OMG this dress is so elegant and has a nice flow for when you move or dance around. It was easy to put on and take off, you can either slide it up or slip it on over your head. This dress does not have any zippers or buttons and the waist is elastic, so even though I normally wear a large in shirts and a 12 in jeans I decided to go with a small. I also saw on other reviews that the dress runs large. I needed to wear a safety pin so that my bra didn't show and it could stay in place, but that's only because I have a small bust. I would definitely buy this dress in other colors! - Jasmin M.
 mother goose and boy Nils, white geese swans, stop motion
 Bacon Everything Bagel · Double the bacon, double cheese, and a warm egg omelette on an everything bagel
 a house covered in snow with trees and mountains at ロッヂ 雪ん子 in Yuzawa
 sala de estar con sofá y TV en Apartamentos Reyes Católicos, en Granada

—————

— Problem description —
Beginning at the line that contains "Bacon Everything Bagel", give again every line down to the end of the material, exactly as written, and stop there.

— Solution to this problem —
 Bacon Everything Bagel · Double the bacon, double cheese, and a warm egg omelette on an everything bagel
 a house covered in snow with trees and mountains at ロッヂ 雪ん子 in Yuzawa
 sala de estar con sofá y TV en Apartamentos Reyes Católicos, en Granada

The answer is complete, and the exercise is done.